Oui, à condition d'éveiller les enfants à leurs droits, comme le proclame magistralement la Convention internationale des droits de l’enfant. La promotion et la préservation des droits tels que la CNCDH les porte et les défend passe nécessairement par l'éducation aux droits de l'homme. L'éducation au respect de l'autre doit débuter le plus tôt possible. . Cette série de films pédagogiques, qui met astucieusement en scène des graines, portent ce nom car en effet, dès notre plus jeune âge, nous sommes déjà cette graine de citoyen.

Propos recueillis par Michel Taube et Cécile Michiardi

Olivier Blond, auteur et scénariste des films de la série « Graines de citoyens », explique sa démarche pédagogique et poétique.

J'ai voulu aborder l'idée des droits de l'enfant en évitant le mieux possible le clivage "gentils" contre "méchants". J'ai même parfois poussé l'idée pour que ce soit le "lésé" qui entame une démarche de transformation. Car je suis convaincu qu'on peut changer beaucoup de choses par soi-même. Ce n'est pas le tout de savoir qu'on a des droits. C'est une démarche profonde, une réelle prise de conscience.  C'est le cas par exemple de Praline qui est victime de racket. C'est elle qui fait la démarche d'en parler. Cette action, cette volonté d’être un acteur à part entière me semblait importante. Ma volonté à travers ces petits films c'était donc de rendre acteurs nos graines de citoyens. Autrement dit, de ne pas les considérer comme des victimes mais bien comme des grands petits hommes dignes et responsables face à leurs droits et obligations.

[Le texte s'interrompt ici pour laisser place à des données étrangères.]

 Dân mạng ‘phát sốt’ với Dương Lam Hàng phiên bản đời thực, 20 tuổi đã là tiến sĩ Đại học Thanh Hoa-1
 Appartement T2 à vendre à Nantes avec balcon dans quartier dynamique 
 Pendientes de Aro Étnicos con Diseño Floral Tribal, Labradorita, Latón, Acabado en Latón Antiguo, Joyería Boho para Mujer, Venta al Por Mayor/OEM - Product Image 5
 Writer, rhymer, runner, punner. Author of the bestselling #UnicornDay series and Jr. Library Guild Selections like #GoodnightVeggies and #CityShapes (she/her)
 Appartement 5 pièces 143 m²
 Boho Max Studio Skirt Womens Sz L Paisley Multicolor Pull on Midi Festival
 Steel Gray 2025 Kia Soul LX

Entretien avec le co-producteur Alexandre Hallier (La Générale de Production)

Vous co-produisez une série de films intitulée Graines de citoyens destinée au jeune public. De quelle manière cette série parvient-t-elle à éveiller la conscience citoyenne des enfants ?

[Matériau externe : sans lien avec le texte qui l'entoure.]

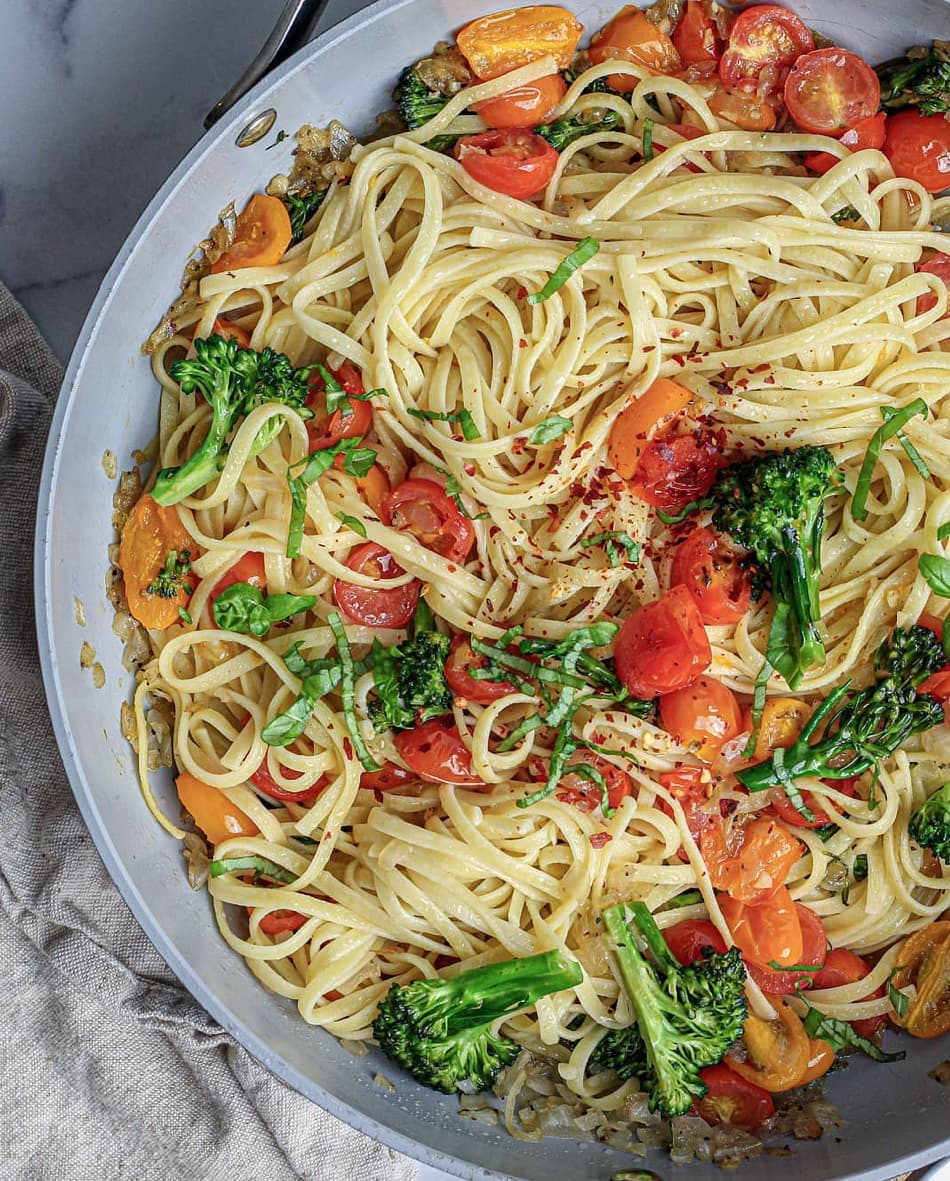 Linguini with Cherry Tomatoes, Basil and Broccolini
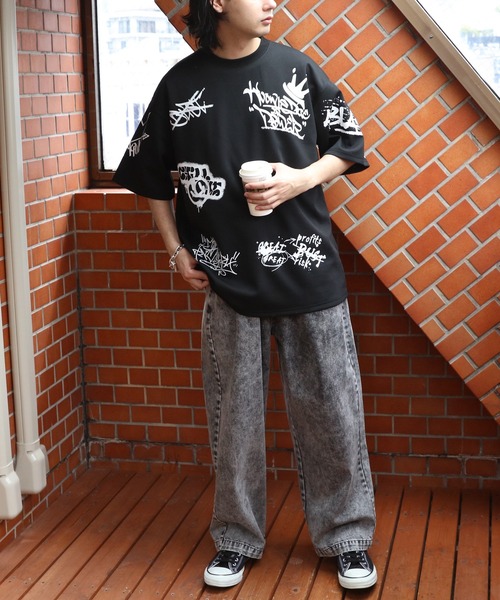 ８(eight)（エイト）の「総柄タギング半袖Tシャツ（Tシャツ/カットソー・メンズ・ホワイト/イエロー/ブラック/チャコールグレー・MEDIUM/LARGE）」の17枚目の写真
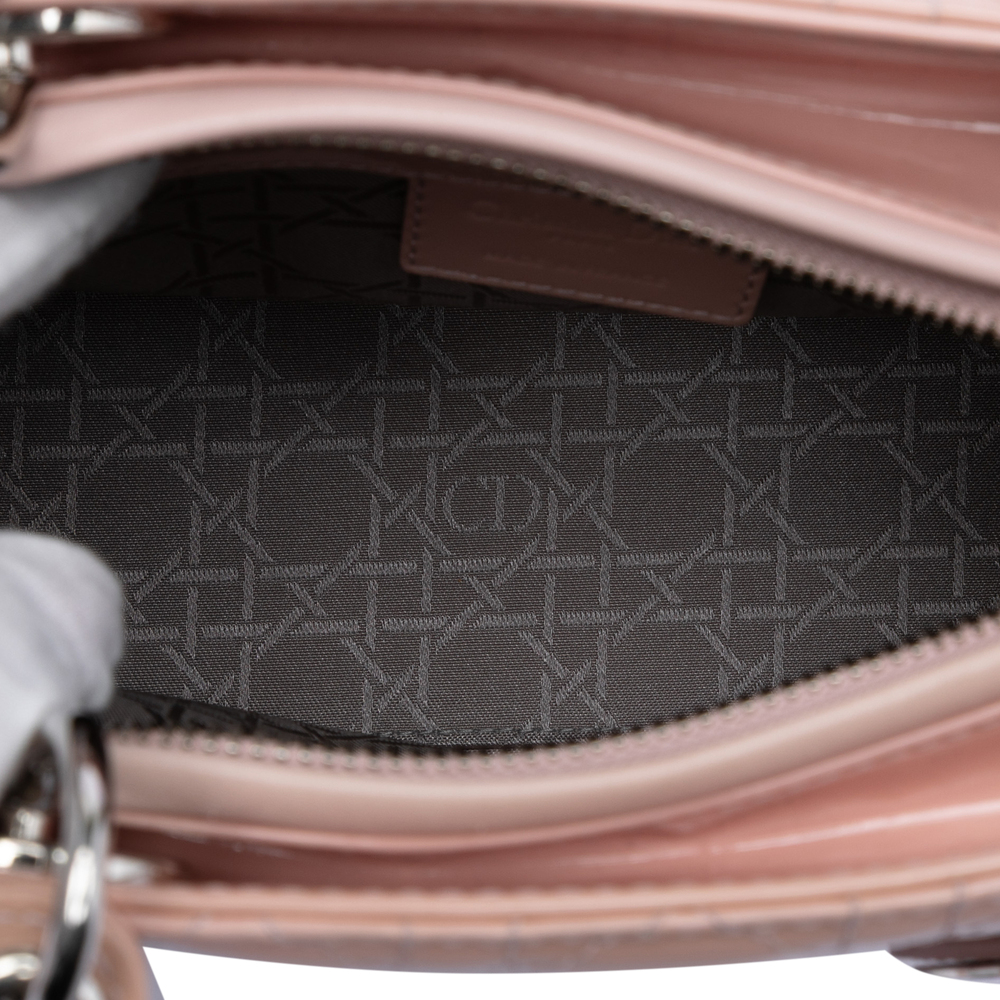 Pre-Loved Dior Medium Patent Cannage Lady Dior - Picture 4 of 7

Il fallait avant tout réussir à susciter un décalage, ne pas tomber dans l'écueil de la morale qui est, à mon avis, contre-productive. Les films introduisent un décalage poétique, notamment par le personnage récurrent du jardinier. Grâce à lui, qui vient semer une graine d'idée dans les rêves des protagonistes, la résolution du problème vient de la « victime » elle-même, et non pas d'une personne extérieure ou d'un adulte. En ce sens, cela témoigne de l'attitude responsable qu'il faut adopter face aux problèmes que l'on peut rencontrer.

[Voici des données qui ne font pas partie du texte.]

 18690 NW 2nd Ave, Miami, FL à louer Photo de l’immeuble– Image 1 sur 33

Comment s'adresse-t-on à un jeune public sur des questions aussi essentielles mais souvent complexes telles que le respect de l'autre et des différences ?

C'est vrai que l'articulation du fond et de la forme a été le défi le plus difficile. Les droits de l' homme sont en effet plutôt conceptuels, abstraits et il nous fallait les « concrétiser ». C'est pourquoi, il était important de casser leur côté conventionnel. L'auteur et la réalisatrice ont réussi à créer un monde imaginaire tantôt absurde, tantôt poétique mais qui peut aussi correspondre à notre réalité. Il fallait trouver le bon équilibre entre véracité et exactitude : par exemple, on parle de « respect » des différences et non pas de « droit » des différences.

Quelle suite souhaitez-vous à cette série de films ?

Je tiens d'abord à souligner que les films sont en libre accès, libres de droits et donc accessibles à toutes et à tous. J'espère que leur vocation pédagogique trouvera un écho favorable dans le milieu de l'éducation mais ils peuvent tout aussi bien se regarder en famille ! D'ailleurs, les parents peuvent aider leurs enfants à la compréhension de ces films, en expliquant par exemple les jeux de mots, qui peuvent être difficiles pour des jeunes enfants. Notre intention est vraiment de susciter des débats entre enfants et éducateurs au sens large.